***** Data shown

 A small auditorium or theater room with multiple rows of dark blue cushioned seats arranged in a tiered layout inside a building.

**********
***** Data shown

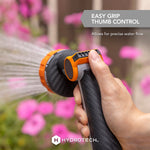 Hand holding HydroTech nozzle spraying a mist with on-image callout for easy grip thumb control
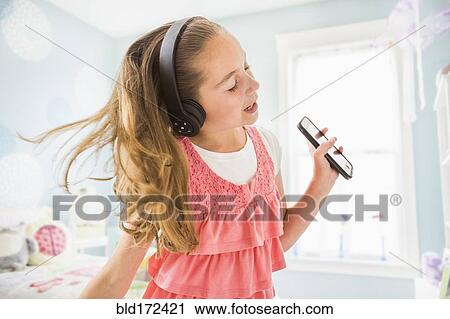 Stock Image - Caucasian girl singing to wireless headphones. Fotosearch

**********

- Exercise requirements: What you return must match the lines above from the one with "Hand holding HydroTech" through the one with "Stock Image - Caucasian" exactly, with both ends included and the pictures excluded.

- Result:
 Hand holding HydroTech nozzle spraying a mist with on-image callout for easy grip thumb control
 Stock Image - Caucasian girl singing to wireless headphones. Fotosearch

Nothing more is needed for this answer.